Jimin mengetuk pintu rumah jeon kasar. Tak ada balasan didalam.

tok..tok..tok..
Lagi, tak ada balasan.

tok..tok..tok..
Akhirnya ketukan terakhir, orang didalam membuka. Menyambutnya dengan tatapan tajam.

Jeon mengangkat satu alis menatap sengit jimin yang sedang meletakkan tangan dipinggang sambil menghela nafas dengan mulutnya.
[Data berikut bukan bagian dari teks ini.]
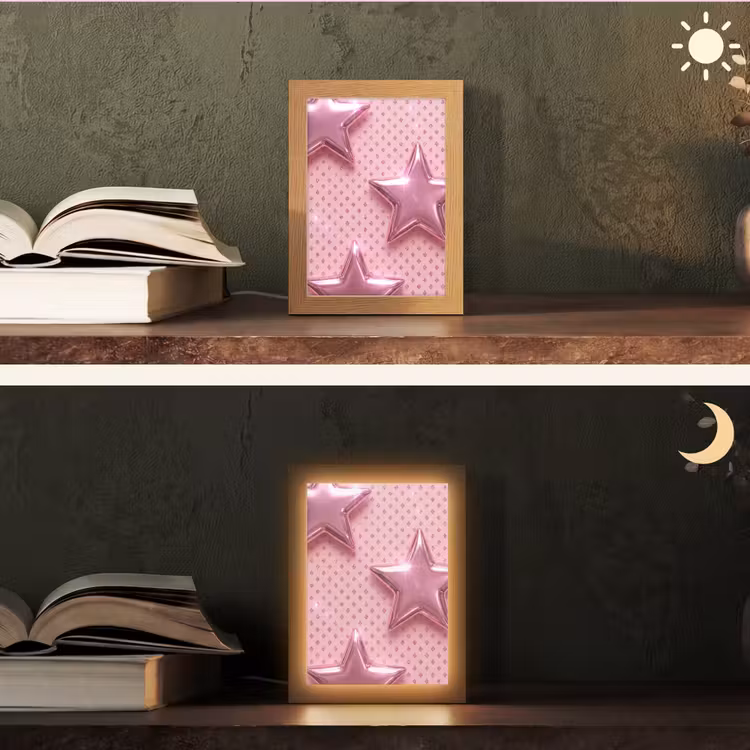 Gepersonaliseerd Lightbox - Sterren - Roze - Abstract — 5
"Aku baru tahu, jika kau tunangan jisoo" kata jimin tanpa ragu, "Aku baru tahu jika kau yang membuat jisoo hancur" lanjutnya tanpa ada perubahan ekspresi dari jeon, "Dan apa kau tahu, jisoo menangis dibelakang? Memendam batin didalamnya hanya karena kau?" tak ada perubahan dari wajah jeon.

"Lantas?"

"Apa yang membuatmu bersikap tak peduli pada jisoo?"

"Penting?"

"Penting. Karena jisoo gadis baik. Kau tahu, selama kau mengalami koma, dia rela tidak masuk sekolah hanya karena ingin menjagamu. Saat kecelakaan itu, seorang jisoo yang takut darah, takut pada orang pingsan, harus melawan takutnya hanya demi kau jeon jeongguk" jelas jimin dengan nafas terengah. Ia emosi pada lelaki yang dicintai jisoo.

Jeon tersenyum miring, "Basi" katanya dingin.

"Basi? Kau sebut kebaikan jisoo itu basi? Benar. Jika aku menjadi dirinya, mungkin aku biarkan kau mati disana bersama rain" kata jimin membuang pandangannya.

Jeon menatap tajam jimin, "Jangan sebut rain didepanku"

"Kenapa? Karena dia menghantuimu? Karena dia benci padamu? Iya?" jimin membalas tatapan jeon tajam lalu kembali membuang pandangan dengan senyum tipis diwajahnya.

"Rain mati karena KIM JISOO!" jeon marah. Nafasnya tak teratur sekarang. Menatap jimin dengan getaran dikepalan tangannya.

Alis jimin beradu, "Apa? Karena kim jisoo? hah" jimin menghela nafas membuang pandangannya, "Sejak kapan jisoo membunuh rain, sejak kapan jisoo bisa mengendarai mobil van, dan sejak kapan ia berpura-pura sebagai penolong jika dia membunuh rain. Kau termakan alur yang salah jeon jeongguk" lanjut jimin dengan senyuman miring diwajahnya.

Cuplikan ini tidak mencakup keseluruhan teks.